Hopefully, I can find a balance of school work, mommy life, and blogging but if I can't, I guess I'll see ya next month! ;)

I'm Still Here!

 Wait, I still have a blog? I didn't think I'd ever be one of those people who would just drop off the face of the blog-earth after years of blogging but here I am, over a month since my last post.

In a nutshell, I started full time school the end of August and it's kicking my butt. Ok, that's not totally true. I'm actually kicking it's butt but in the meantime, my blog suffers because of it. And I'm happy I've balanced it out that way. As much as I miss blogging {and I really do}, school is the most important thing I can do for my kids right now.

Also, these past few weeks, I've been trying to organize my home, as if that's something I'll ever stop doing. I came across cd's of pictures from our old laptop that crashed and it was so fun looking through baby pictures of my kiddos. So tonight, since I still have hours of homework ahead of me {sleep is overrated, right?}, I'll leave you with two pictures that left me baffled from past years.
First up, when the heck was I ever this blonde? I was a little weirded out when I saw this picture because it hardly looked like me.
Second of all, was Spidey really this fat as a baby? I bet he weighs the same as this picture right now. :) My kids just do not keep fat on their bodies! I wish I could reach into that picture and squeeze those thighs. I miss him at that age. He was the best baby everrrr and now he's all cray cray and hyper and super adorable but seriously hyper.
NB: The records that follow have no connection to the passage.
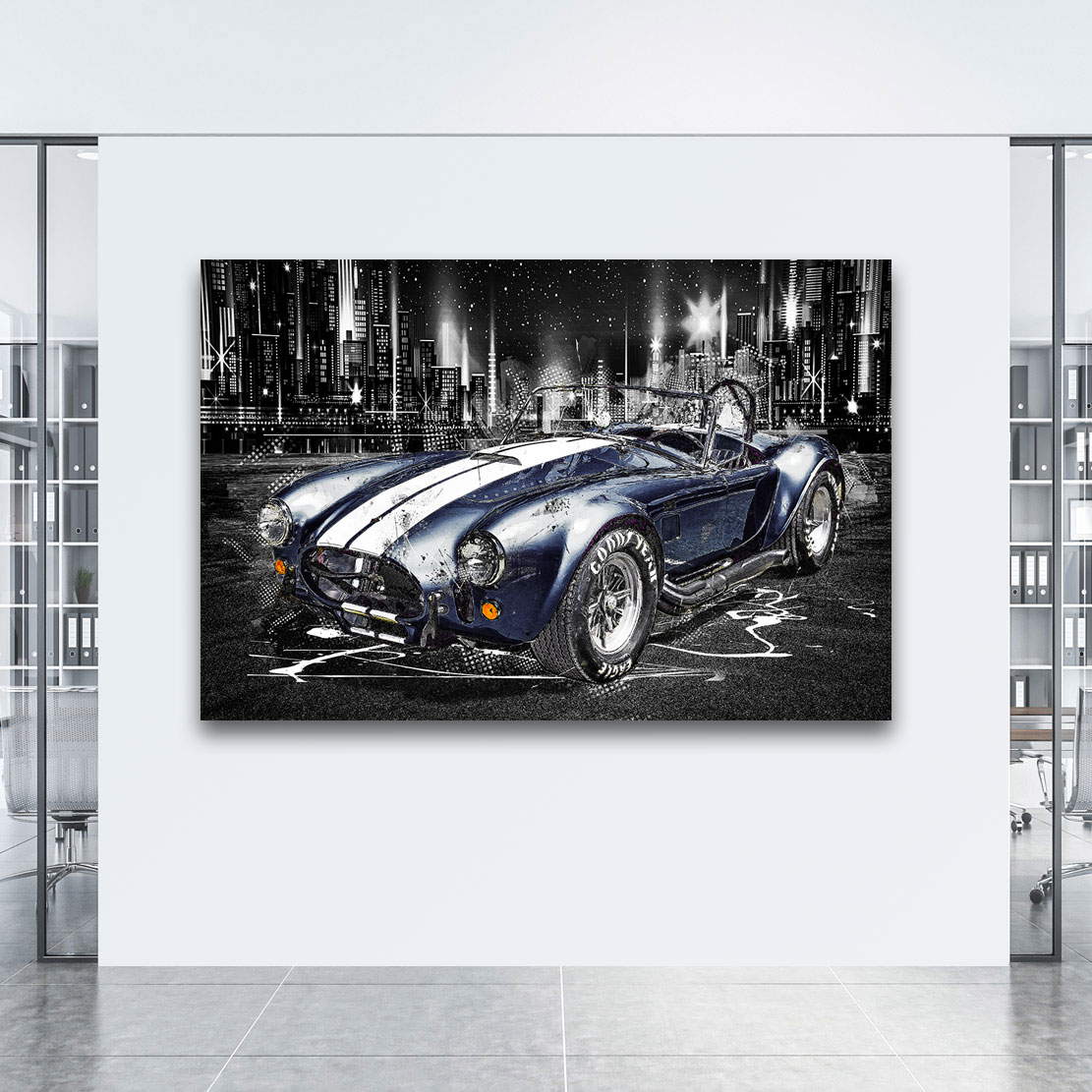 Auto Leinwandbild AC Cobra Retro Black Style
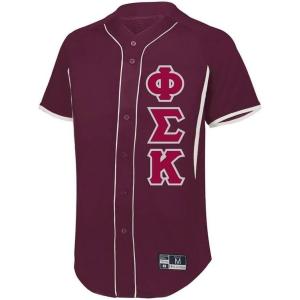 Phi Sigma Kappa Lettered Baseball Jersey(Maroon/White)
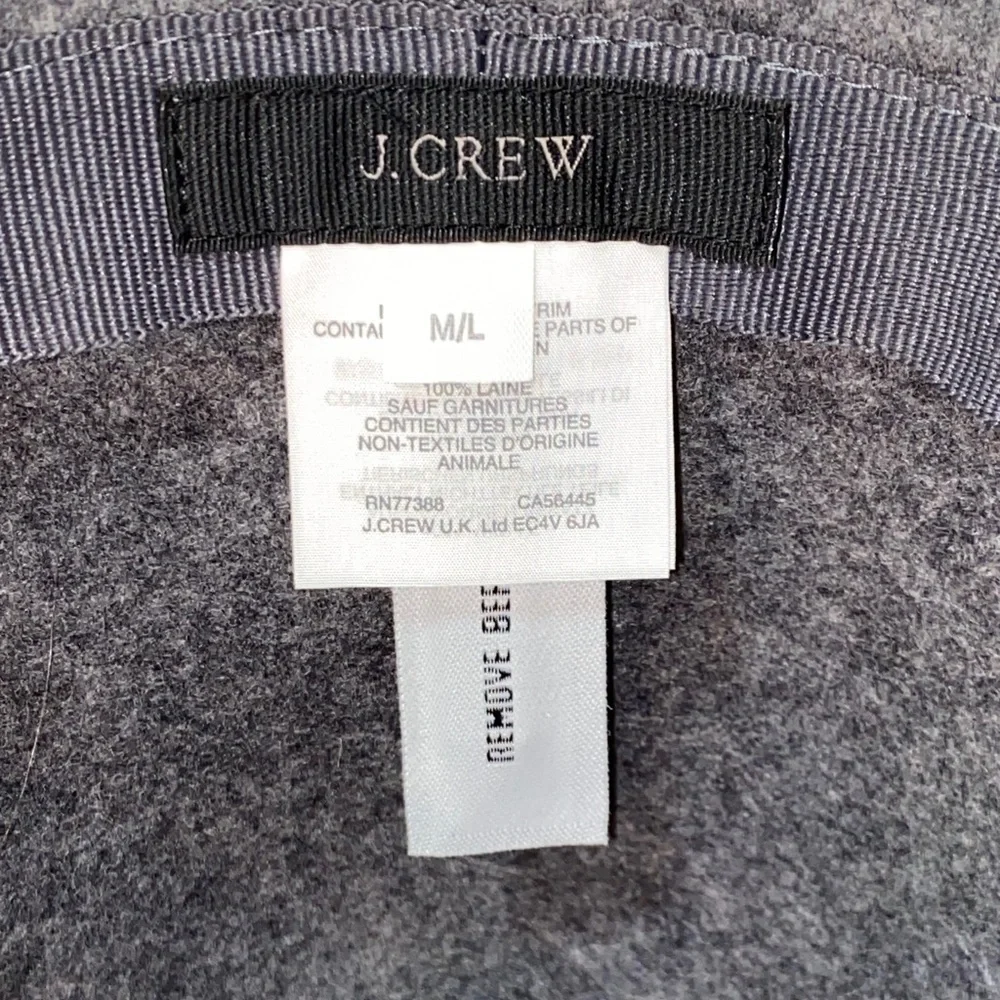 J. Crew Gray Felt Fedora Hat 100% Wool with a Black Band Size M/L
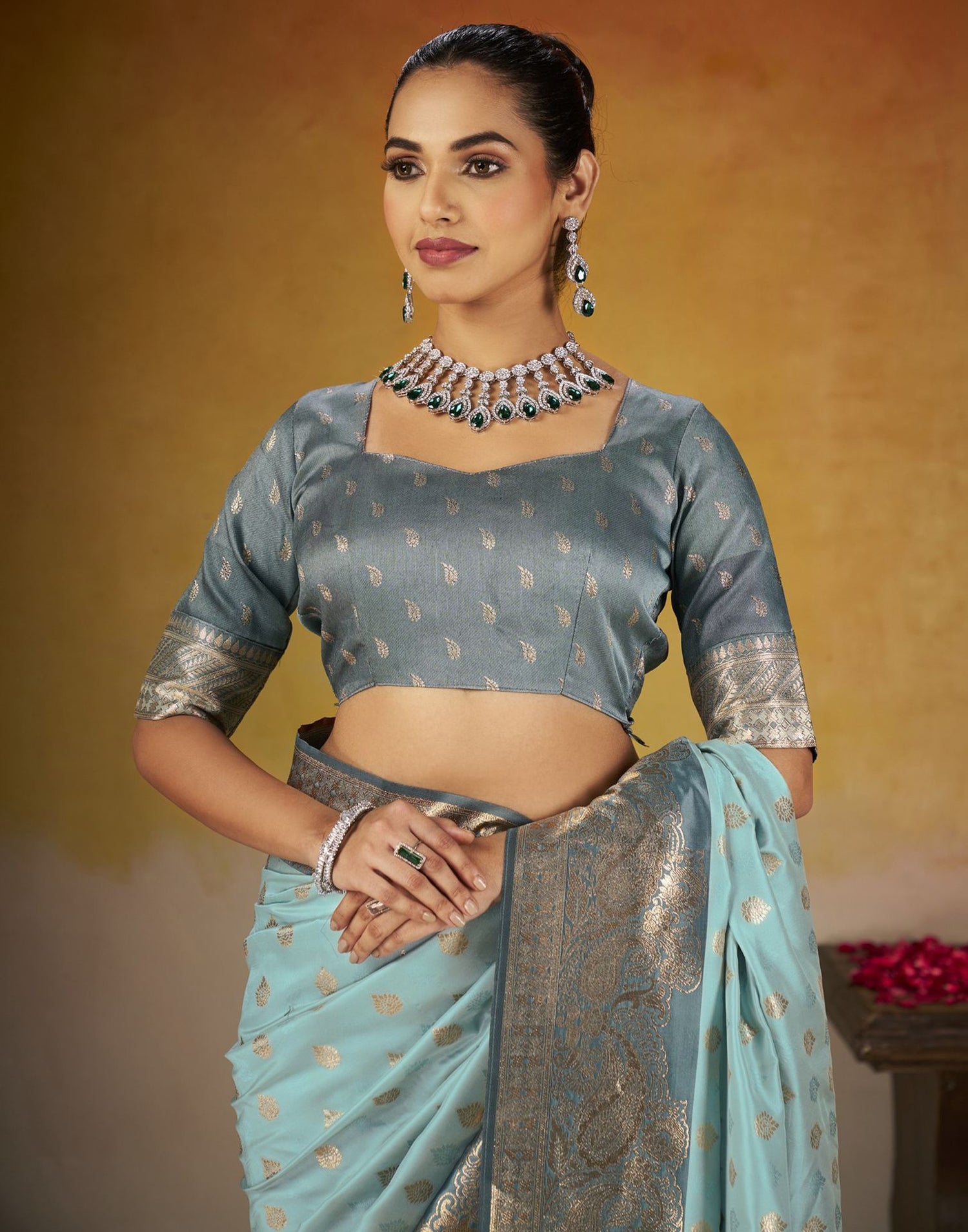 Sky Blue Silk Woven Banarasi Saree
Quick update: Petey still loves school. I have some super adorable stuff to post about that. Maybe next month?
I love school too. It feels weird having a life outside home and church.
Spidey loves Petey being in school. I thought he'd miss her but some days, he asks if she can have a play date just so he can have time to himself. As much as my kids are best friends, he really does love alone time.